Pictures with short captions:

☆ ☆ ☆

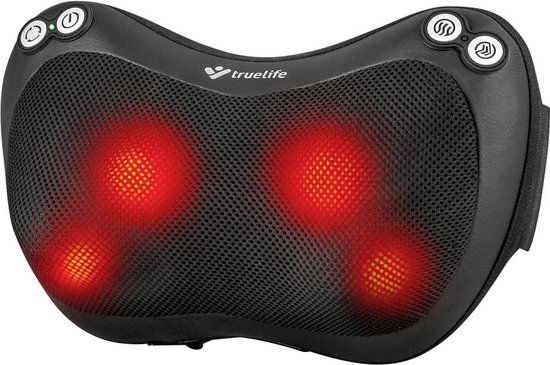 truelife RelaxBack B3 Charge Massagekussen 24 W Zwart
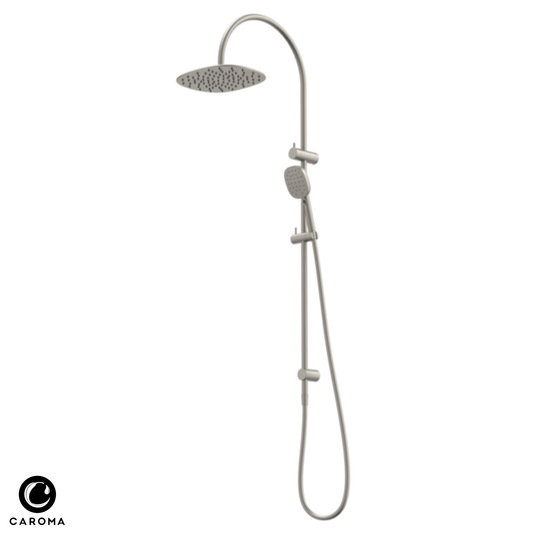 Caroma Contura II Rail Shower with Overhead | Available in 5 Colours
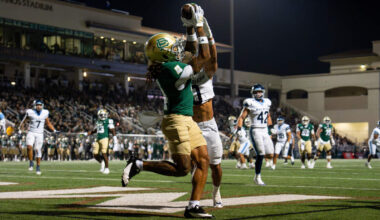 Cal Poly SLO football falls to San Diego 38-35 on homecoming.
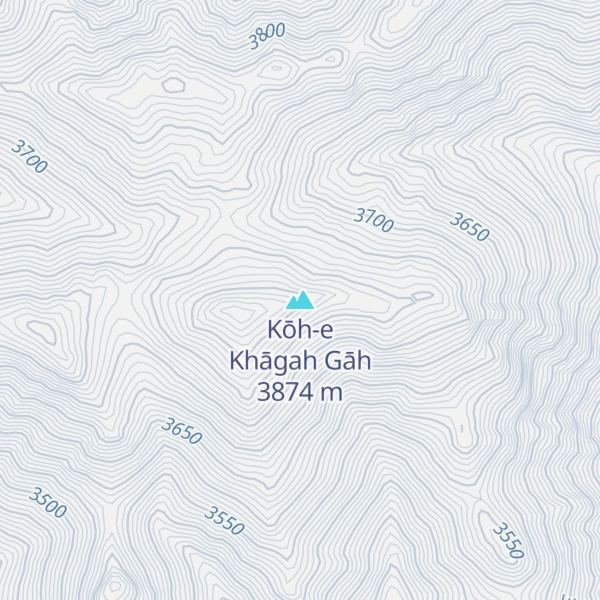 Map of Kōh-e Khāgah Gāh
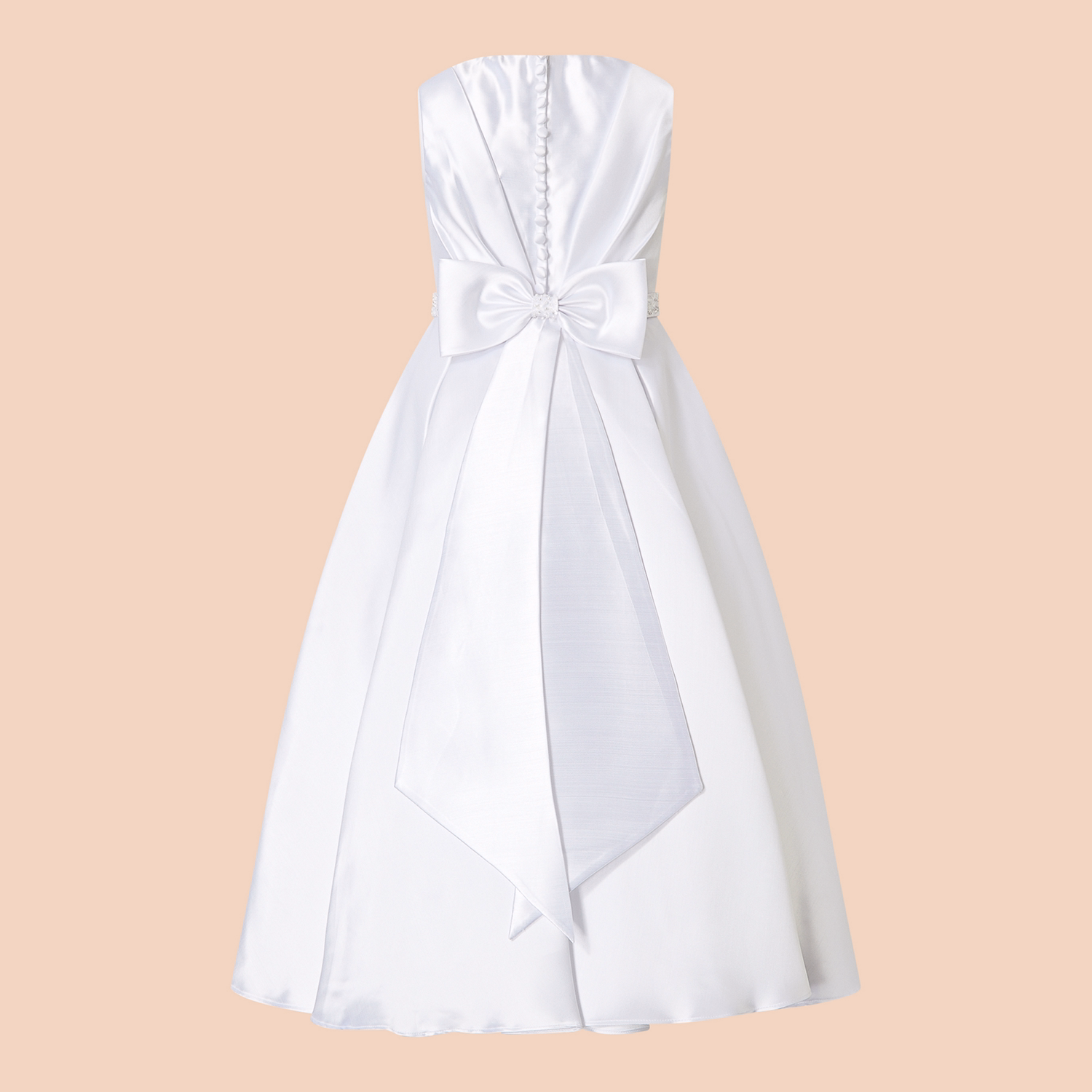 Sleeveless Communion Dress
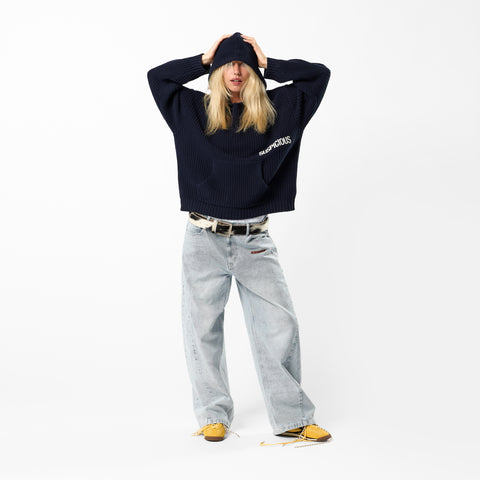 Fall / Core Knitted Hoodie - Nightfall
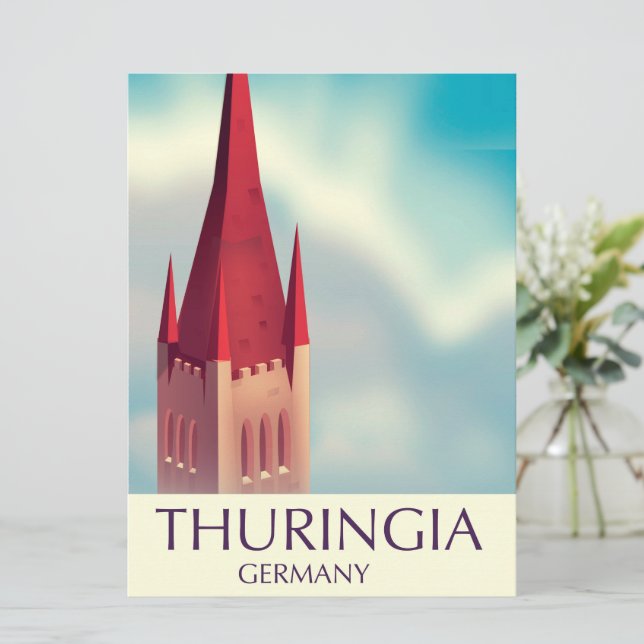 cartaz de viagem Turíngia Alemanha (Em pé/Frente)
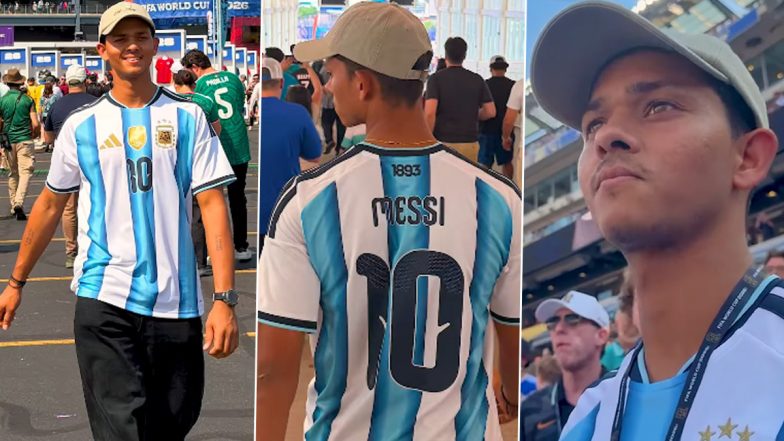 Yashasvi Jaiswal Dons Lionel Messi Jersey As He Attends France vs Sweden FIFA World Cup 2026 Match (Watch Video)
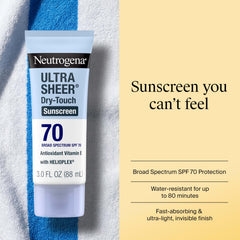Neutrogena back label close-up showing ingredients and usage directions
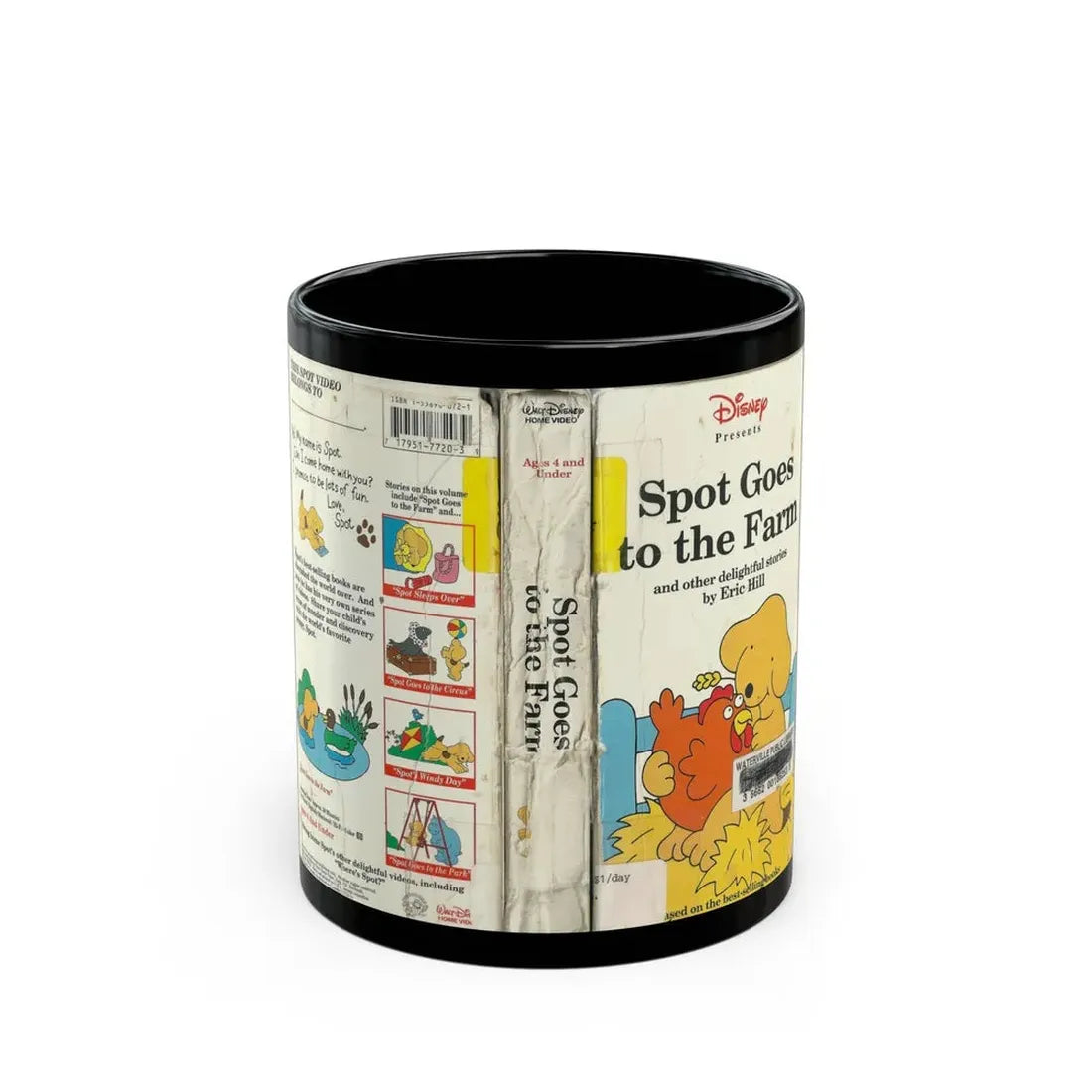 SPOT GOES TO THE FARM (VHS COVER) - Black Coffee Mug 11oz - Go Mug Yourself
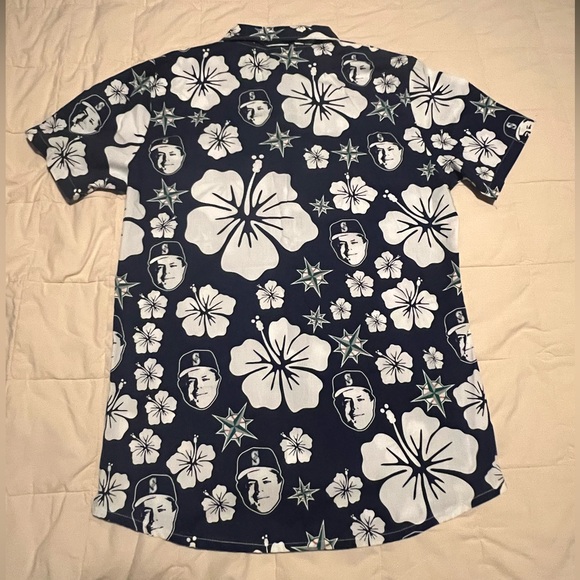 Seattle Mariners Edgar Martinez Hawaiian Shirt - Picture 4 of 5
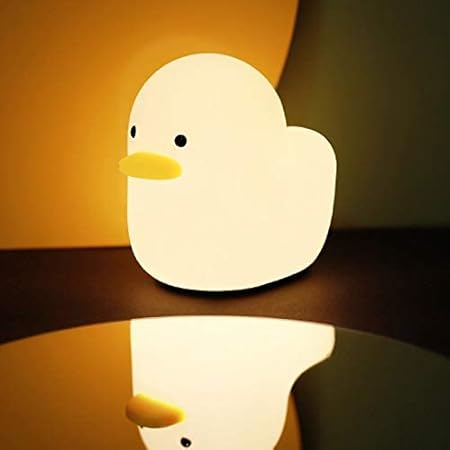 Amazon Co Jp Lunpear ナイトライト アヒルランプ かわいい 充電式 タイマー付き ベッドサイドランプ デスクライト 調光機能 10mah 授乳ライト インテリア 誕生日 クリスマス 新年 プレゼント ホーム キッチン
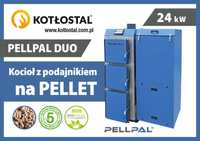 Kocioł na pellet PELLPAL DUO o mocy 24 kW - EcoDesign - sterownik LCD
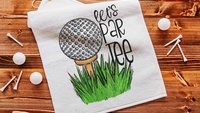 lets par tee funny golf towel with grommet, golf bag towel for women, golf gifts for her, lady golfer ball towel, golf birthday gifts for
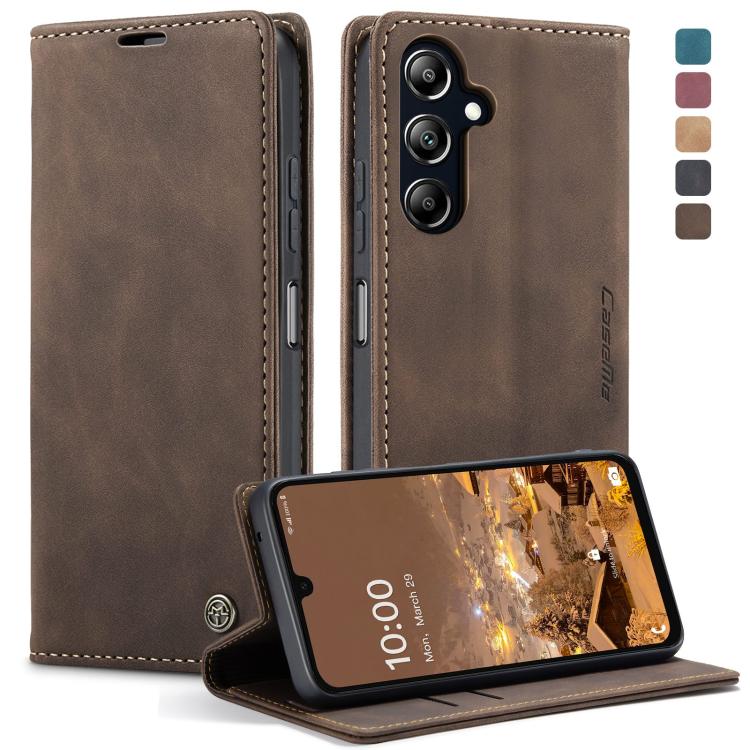 For Samsung Galaxy A16 5G CaseMe 013 Multifunctional Horizontal Flip Leather Phone Case(Coffee) - free shipping - PMC Jewellery - Order now!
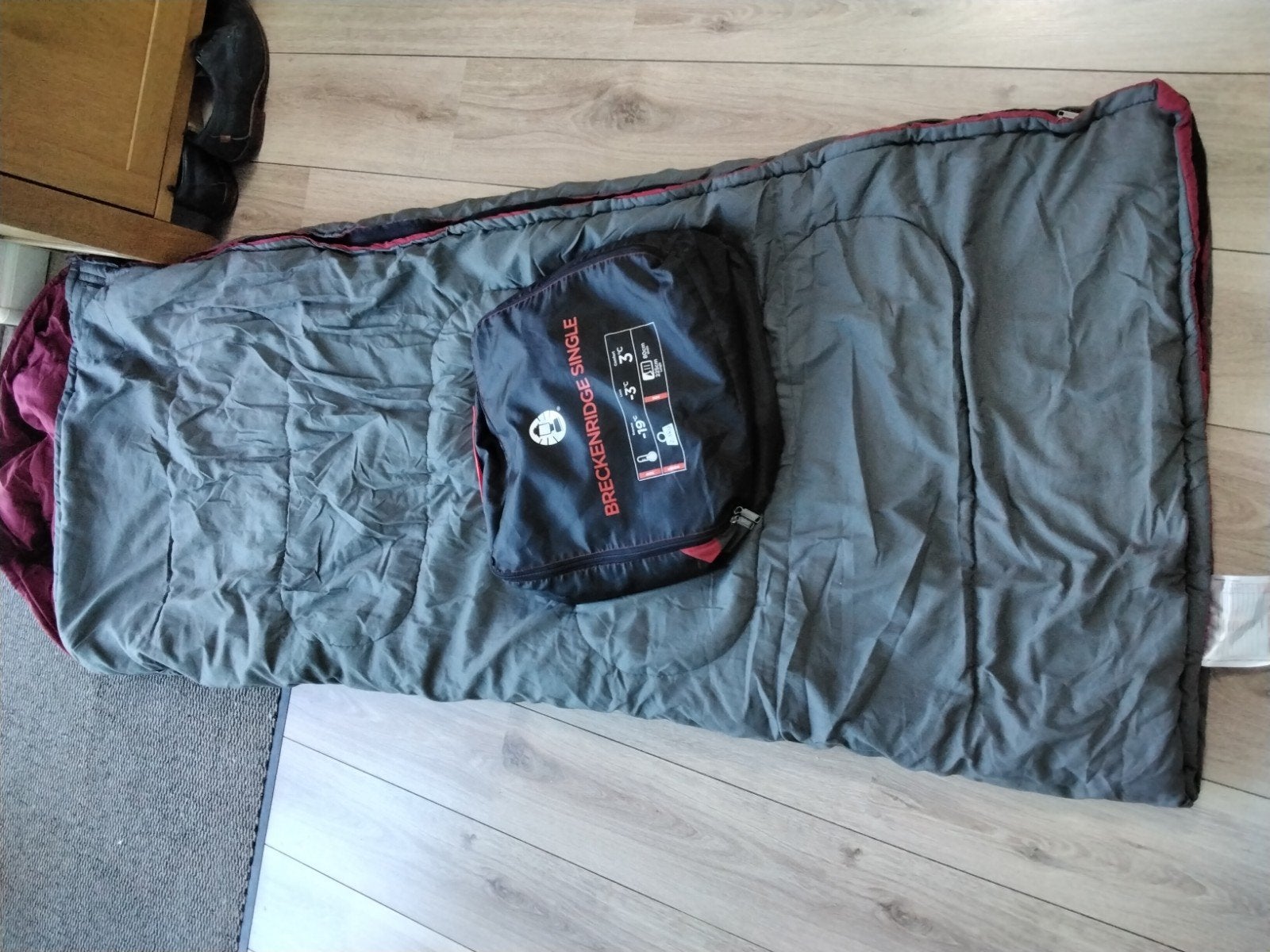 Coleman Breckenridge Single Slaapzak met Capuchon, Caravans en Kamperen, Slaapzakken, Ophalen of Verzenden, Zo goed als nieuw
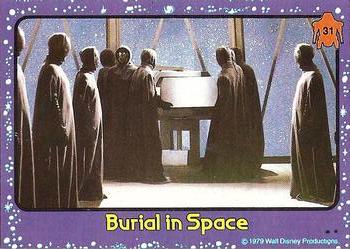 1979 Topps The Black Hole #31 Burial in Space Front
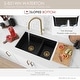 preview thumbnail 5 of 26, Composite Granite Dual-Mount 30" Double-Bowl kitchen Sink - 30" x 18" x 9.50"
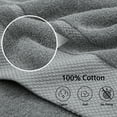 thumbnail image 4 of Unique Bargains 100% Combed Cotton 8 Piece Towel Set Soft 600 GSM Luxury Absorbent Gray, 4 of 8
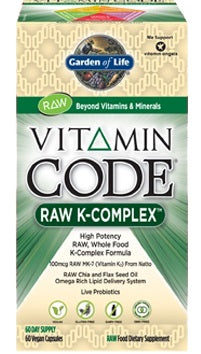 Vitamin Code RAW K-Complex, 60 vcaps ,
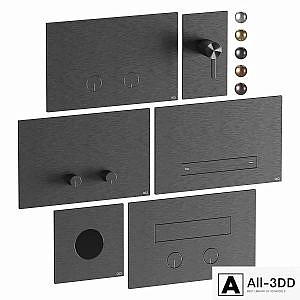 Flush buttons CEA set 01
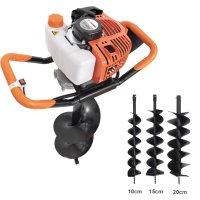 Motoburghiu Profesional B7576 52cc cu 3 Burghie pentru Sapare Eficienta - 1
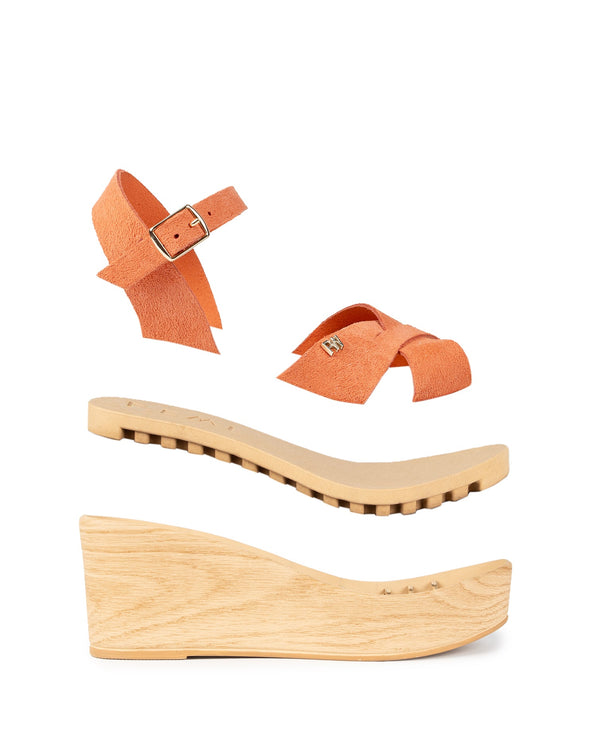 Corte: Undina Gamuza Coral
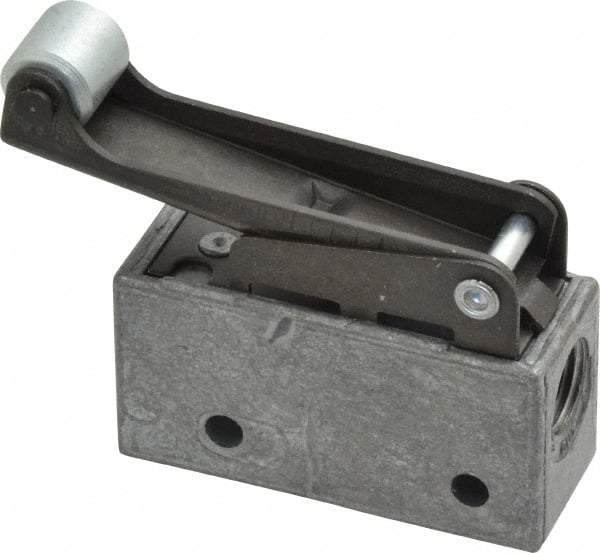 Mead - 3 Way Pilot Air Valve - 1/8" NPT Inlet, Steel Roller - Apex Tool & Supply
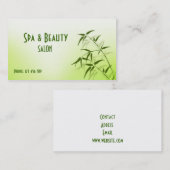 Visitekaartje voor spa en schoonheid (Voorkant / Achterkant)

☆ ☆ ☆

# DESCRIPTION OF THE TASK
Every entry above should come back exactly as written, except for its pictures.

# THE COMPLETED TASK
 truelife RelaxBack B3 Charge Massagekussen 24 W Zwart
 Caroma Contura II Rail Shower with Overhead | Available in 5 Colours
 Cal Poly SLO football falls to San Diego 38-35 on homecoming.
 Map of Kōh-e Khāgah Gāh
 Sleeveless Communion Dress
 Fall / Core Knitted Hoodie - Nightfall
 cartaz de viagem Turíngia Alemanha (Em pé/Frente)
 Yashasvi Jaiswal Dons Lionel Messi Jersey As He Attends France vs Sweden FIFA World Cup 2026 Match (Watch Video)
Neutrogena back label close-up showing ingredients and usage directions
 SPOT GOES TO THE FARM (VHS COVER) - Black Coffee Mug 11oz - Go Mug Yourself
 Seattle Mariners Edgar Martinez Hawaiian Shirt - Picture 4 of 5
 Amazon Co Jp Lunpear ナイトライト アヒルランプ かわいい 充電式 タイマー付き ベッドサイドランプ デスクライト 調光機能 10mah 授乳ライト インテリア 誕生日 クリスマス 新年 プレゼント ホーム キッチン
 Kocioł na pellet PELLPAL DUO o mocy 24 kW - EcoDesign - sterownik LCD
 lets par tee funny golf towel with grommet, golf bag towel for women, golf gifts for her, lady golfer ball towel, golf birthday gifts for
 For Samsung Galaxy A16 5G CaseMe 013 Multifunctional Horizontal Flip Leather Phone Case(Coffee) - free shipping - PMC Jewellery - Order now!
 Coleman Breckenridge Single Slaapzak met Capuchon, Caravans en Kamperen, Slaapzakken, Ophalen of Verzenden, Zo goed als nieuw
 1979 Topps The Black Hole #31 Burial in Space Front
 preview thumbnail 5 of 26, Composite Granite Dual-Mount 30" Double-Bowl kitchen Sink - 30" x 18" x 9.50"
 thumbnail image 4 of Unique Bargains 100% Combed Cotton 8 Piece Towel Set Soft 600 GSM Luxury Absorbent Gray, 4 of 8
 Vitamin Code RAW K-Complex, 60 vcaps ,
 Flush buttons CEA set 01
 Motoburghiu Profesional B7576 52cc cu 3 Burghie pentru Sapare Eficienta - 1
 Corte: Undina Gamuza Coral
 Mead - 3 Way Pilot Air Valve - 1/8" NPT Inlet, Steel Roller - Apex Tool & Supply
 Visitekaartje voor spa en schoonheid (Voorkant / Achterkant)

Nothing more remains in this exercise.